The law and resulting administrative regulations governing the insurance of deposits within banking institutions provides FDIC s insurance coverage based on the concept of ownership rights and capacities. Specifically, funds held in different ownership categories are insured separately from each other, and funds of the same ownership but held in different accounts are subsumed under the same insurance coverage.
As a result of the limit of FDIC insurance at any one bank, investors holding funds that substantially exceed the FDIC insurance limit generally do not consider using bank deposits as an investment vehicle. In particular, the fact that larger amounts must be distributed across many different banks renders the exercise burdensome in merely opening the accounts and even more burdensome in maintaining control over and supervising the different accounts.
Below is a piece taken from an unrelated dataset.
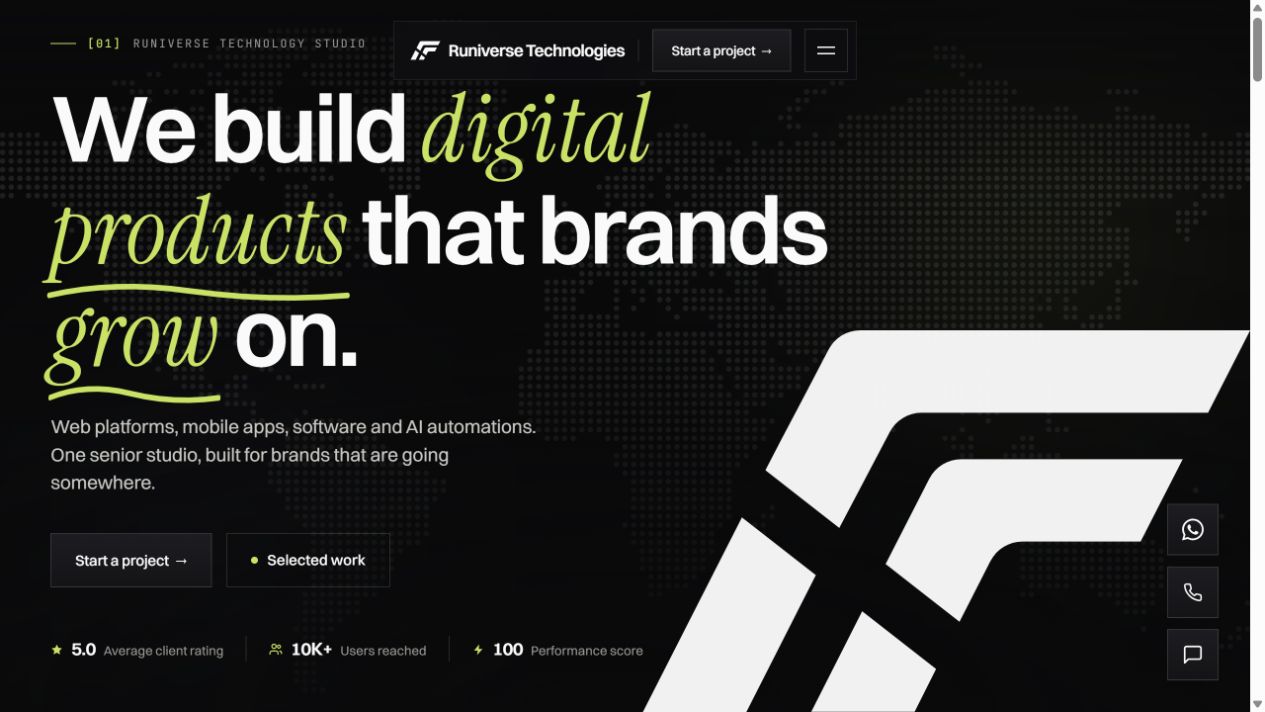 Runiverse Technologies website with a dark dotted world map, pale green serif accents, and a geometric logo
A network of managed deposit accounts at a multitude of FDIC insured financial institutions across the United States provides convenience to the investor by giving investors the ability to make a singled investment in the network with the administrator directing those funds to the a sufficient number of FDIC insured banks, limiting the amount at any one institution to no more than the FDIC insurance limit for each depositor, thus maintaining full FDIC insurance on all of the funds. For large investors, the alternative of investing in a traditional money market fund requires that the investor forego any United States guarantee and trust the judgment of the fund managers in selecting suitable investments since the investment vehicle is not FDIC insured.
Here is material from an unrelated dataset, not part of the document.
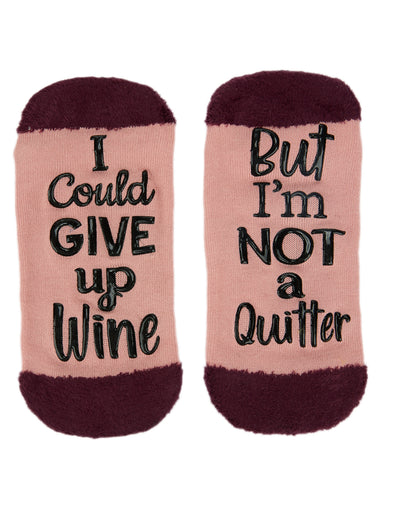 Women's Give Up Wine Low-Cut Non-Skid Socks : Color: Blush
Co-pending U.S. patent application Ser. No. 11/204,494 entitled “MANAGED DEPOSIT PROGRAM” describes a methodology, system and computer program product for achieving higher rates of return for investors while maintaining FDIC insurance for deposits that exceed $250,000. In this regard, as described therein, a network administrator agrees to a minimum level of deposits within certain preferred issuer banks in order to obtain higher rates of return on the funds committed to those preferred institutions. Insofar as the network administrator has the discretion to direct deposits to any issuer banks as long as no more than the FDIC Limit Amount is placed in any one issuer bank, then, when any depositor requests withdrawal of its funds, the network administrator has the ability to determine which banks are affected by such withdrawal and by executing a series of program algorithms the network administrator can logically manage and re-allocate ownership and distribution of funds originally placed in other issuer banks in order to ensure that the minimum agreed upon level of funds deposited at preferred issuer banks remains at the minimum agreed upon level despite the withdrawal requested by the depositor, and also achieving the highest rate of return on the funds remaining in the program.
Despite the convenience demonstrated by the technology disclosed in co-pending U.S. patent application Ser. No. 11/204,494, often times, investors seek an even higher rate of return than that offered by demand funds such as a money market account or a money market fund of money market accounts. Certificates of deposits and investment structures that include bank-issued certificates of deposit in the investment structure (collectively, “CD Products”) as a means to improve an investor's return will provide a unique and novel investment while enjoying the same FDIC insurance as demand funds up to the FDIC insurance limit of $250,000. However, as it is well known, CD Products involve limited liquidity throughout the term of the CD Product and funds can only be withdrawn in connection with a penalty paid by the withdrawing investor thereby defeating the enhanced investment rate offered by the CD Product unless that limitation is addressed in the process of creating a new product.